Recommendations for using PDAF_generate_obs
The observationgeneration with PDAF_generate_obs
or PDAF_put_state_generate_obs
works analogously to the observation handling in the localized filters like LESTKF and LETKF. However, the observation generation does not modify the ensemble states and prepoststep_pdaf
is only called once before the each observation generation, but not afterwards. The routine init_dim_obs_f_pdaf
can be identical to the actuall assimilation case. It initializes the full observation dimension and usually also some more observation information (as described e.g. on the [wikio:init_dim_obs_f_pdaf detail page on init_dim_obs_f_pdaf]. Subsequently obs_op_f_pdaf
is applied. One can run the ensemble generation with a single ensemble member (dim_ens=1) or a larger ensemble. If dim_ens>1, the observation operator is applied to the ensemble mean state. The routine init_obserr_f_pdaf
provides PDAF with the vector of observation error standard deviations. This is used in combination with Gaussian random noise to compute the perturbations that are added to the true state to generate the observations. Finally get_obs_f_pdaf
gives the user access to the generated synthetic observation vector so that one can write it to a file for later use (See the page on the template file readwrite_obs.F90 for a description how the observations can be written to a file and used later on).

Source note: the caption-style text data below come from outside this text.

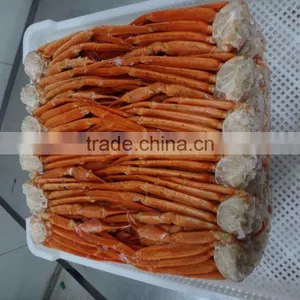 Frozen Red Snow Crab Cluster ( Chionoecetes Japonicus ) thumbnail-1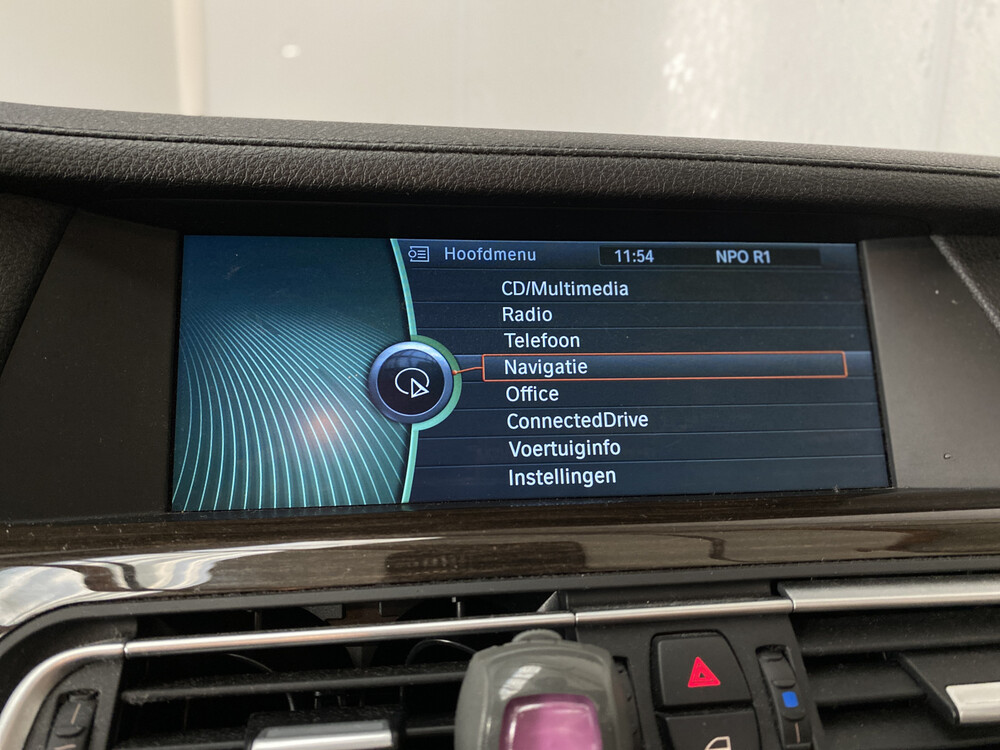 BMW 730d 7er 245PS 2013 -Org. NL-, 58-ZRK-7.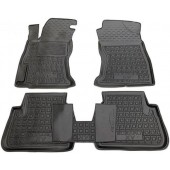 Автомобільні килимки в салон для Subaru XV (2017>)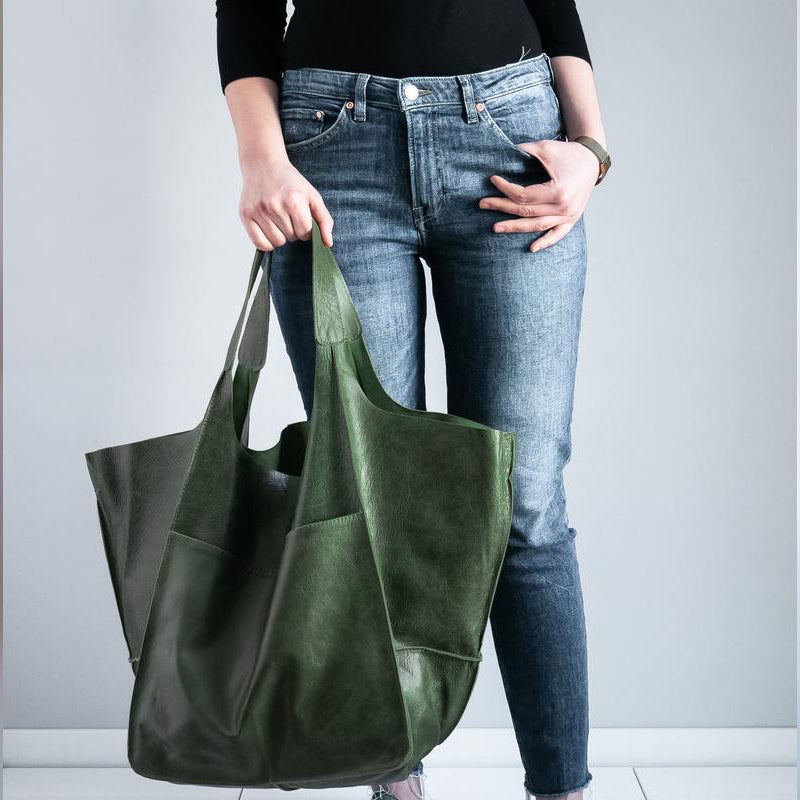 Laluna® | Oversized Weekendtas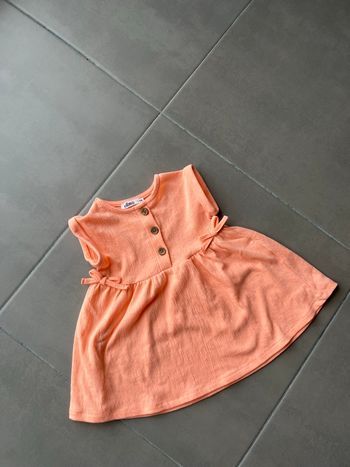 Robe été bébé  6 mois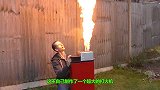 老外奇思妙想，自制世界最大创可贴，网友：在大的伤口都能包住！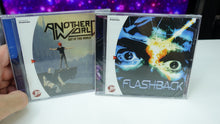 Load image into Gallery viewer, SEGA Dreamcast Another World HD Flashback Bundle NEW
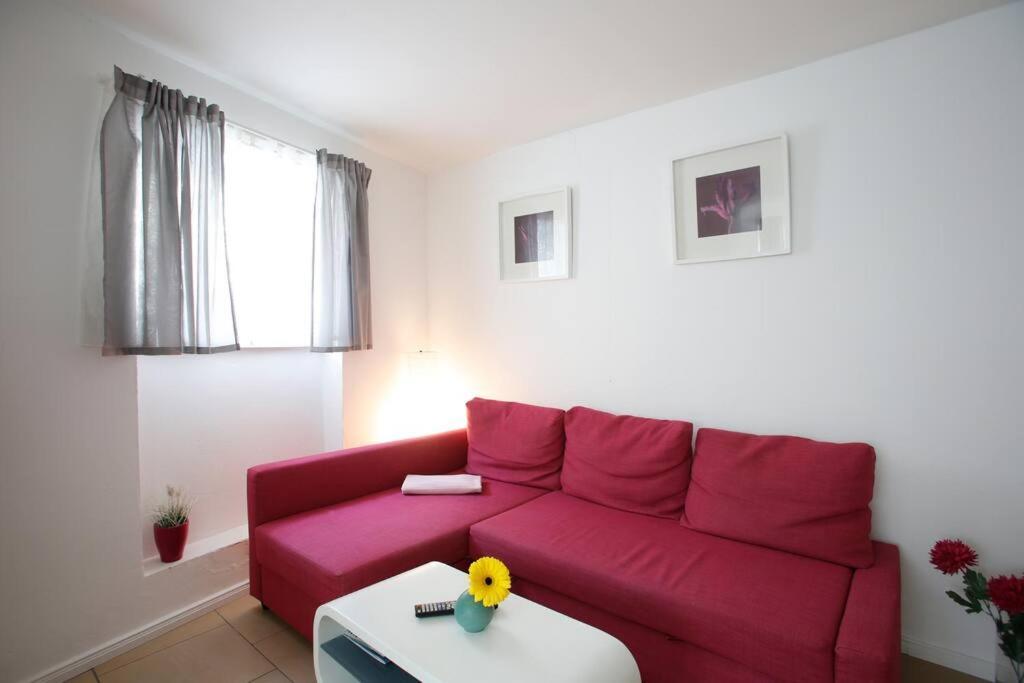 Apartment At Rostock - Pink Exterior foto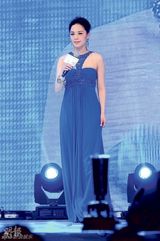 组图：《全球劲爆歌手》颁奖 陈奕迅收获5奖项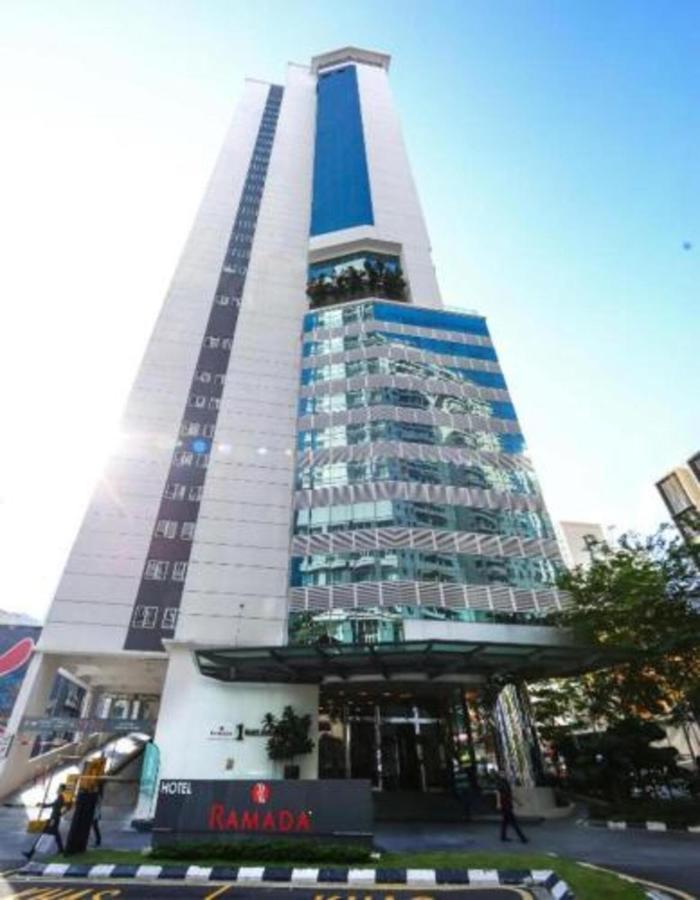Ramadasuite 3r3b Penthouse At Bukit Bintang,kuala Lumpur Pangsapuri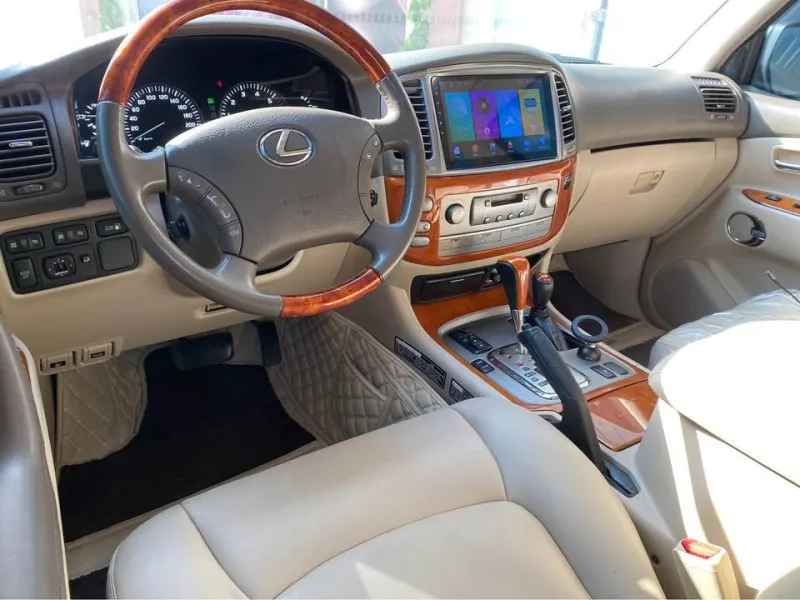 2007 Lexus LX 470 in Dubai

If one has access to real observations, one can use the implementation of init_dim_obs_f_pdaf
and obs_ob_f_pdaf
for these observations to generate synthetic observations simulating these real observations. Thus one runs the observation generation using these routines without any modifications.
Using the synthetic observations in twin experiments
To perform a twin experiment using the synthetic observations generated by PDAF, one runs the data assimilation as one would with real observations. If one already initializes the vector of actual observations in the routine init_dim_obs_f
one only needs to small modification of this routine. Namely, only required modification is that at the end of init_dim_obs_f
one overwrites the vector of real observations with the values from the synthetic observations. If one uses the template file readwrite_obs.F90
for this, one can use read_syn_obs
from this file at the end of init_dim_obs_f
to overwrite the observatio vector. To allow for a flexible switching between the case using real observations and the twin experiment, one can for example introduce a flag twin_experiment
that controls whether the real observation values are overwritten.
Example implementations using PDAF_put_state_generate_obs
and readwrite_obs.F90
are provided by the implementation of PDAF with the Lorenz96 model in models/classical/lorenz96/
. These also use the flag twin_experiment
to activate the twin experiment (Note: The Lorenz96 model case always use simulated observations. Nonetheless, it allows to see how the synthetic observations are generated with PDAF and how they are used in a twin experiment).